Réformer, refonder l’Europe, certes, ni ses pays, ni le monde ne sont plus ce qu’ils étaient il y a soixante ans. Mais de quelle Europe s’agit-il ?

Une Europe nation ? Il faut des siècles pour former une nation, l’Europe est une famille, elle n’est pas une nation.

Une Europe puissance ? Comment en serait-elle une, alors qu’avec vingt-sept membres aux vues et aux intérêts souvent différents, elle ne peut pas avoir une véritable politique étrangère à l’échelle du monde, et que d’autre part tous ses membres ne sont pas prêts à l’effort d’une défense commune.

Alors, une Europe économique, écologique, un peu sécuritaire ? Ce ne serait déjà pas si mal ! Mais un pays ne peut pas y jouer tout son destin et, au demeurant, cette Europe elle-même, quelle est-elle ?
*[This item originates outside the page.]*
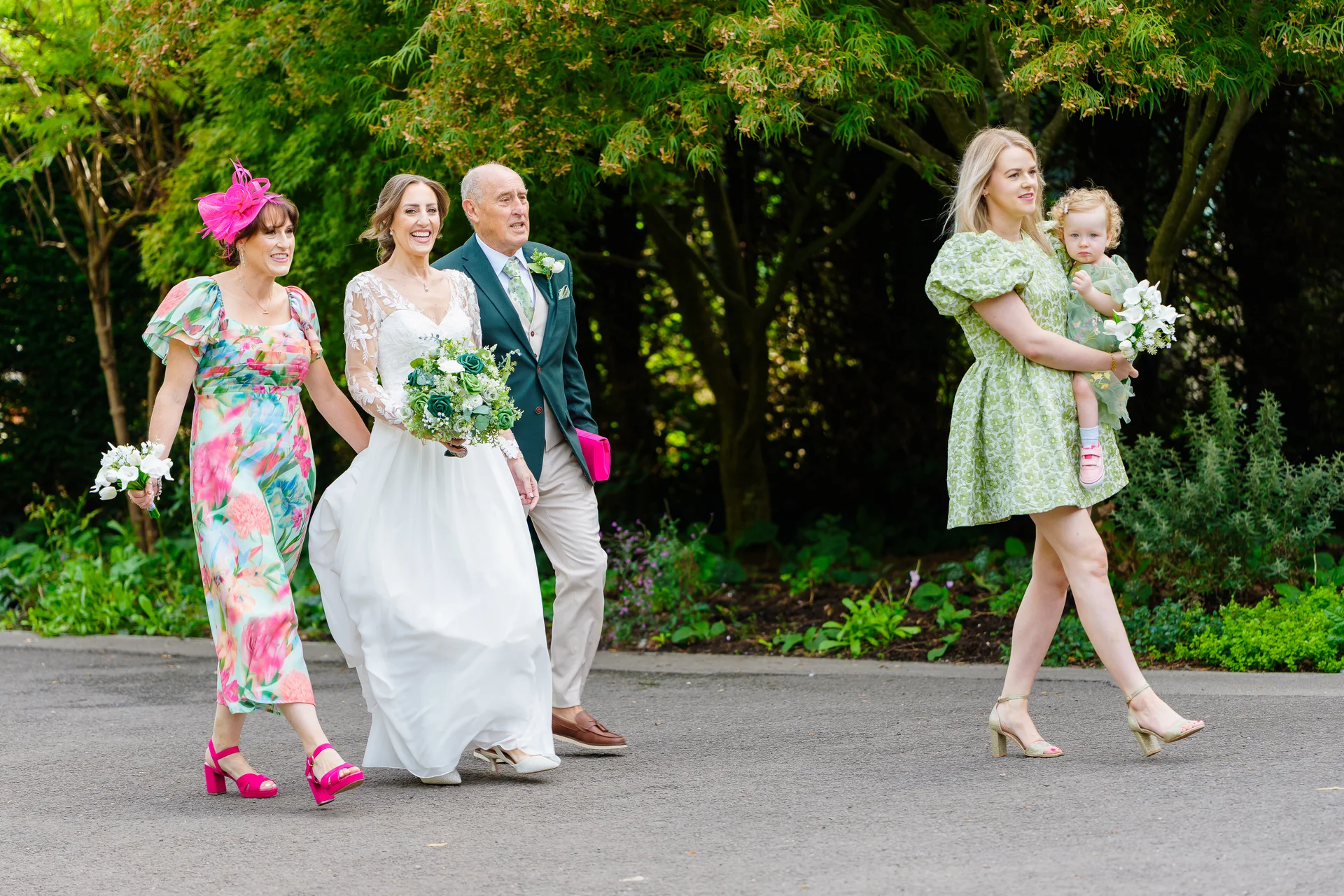 A smiling bride walking outdoors with her father and mother alongside other guests and a young flower girl holding a small bouquet.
Est-elle à vingt-sept ou bien limitée aux membres de la zone euro ? Aux institutions de l’Union européenne, qui ont déjà souvent tendance à se chevaucher, va-t-on ajouter des institutions propres à la zone euro ? Pense-t-on vraiment que l’Europe à vingt-sept survivrait avec des citoyens qui seraient ainsi de deuxième classe ? Ou bien va-t-on faire une Europe à plusieurs vitesses ? Elle n’est pas un club sportif où chacun choisit ses disciplines.

L’Europe est nécessaire à la France. Mais c’est la condamner à terme que de continuer à y voir comme un mythe au lieu de dégager objectivement les solidarités existant vraiment entre tous ses membres afin d’en faire une communauté vivante et pérenne.